# Action item:
Please print the full listing below exactly, but not the pictures in it.

# Supplied information:

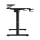 Ultradesk HIGHLANDER Elektryczna regulacja Czarne - 1295841 - zdjęcie 3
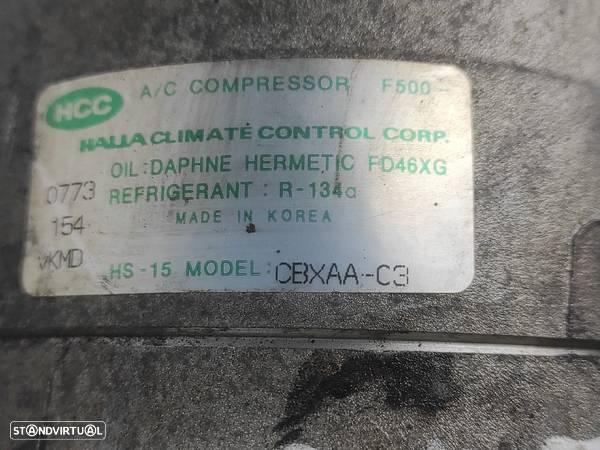 Compressor Do Ac Hyundai Accent Ii (Lc) - 5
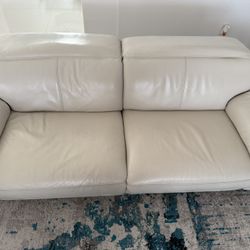 2 Recliner Sofa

# Written response:
 Ultradesk HIGHLANDER Elektryczna regulacja Czarne - 1295841 - zdjęcie 3
 Compressor Do Ac Hyundai Accent Ii (Lc) - 5
 2 Recliner Sofa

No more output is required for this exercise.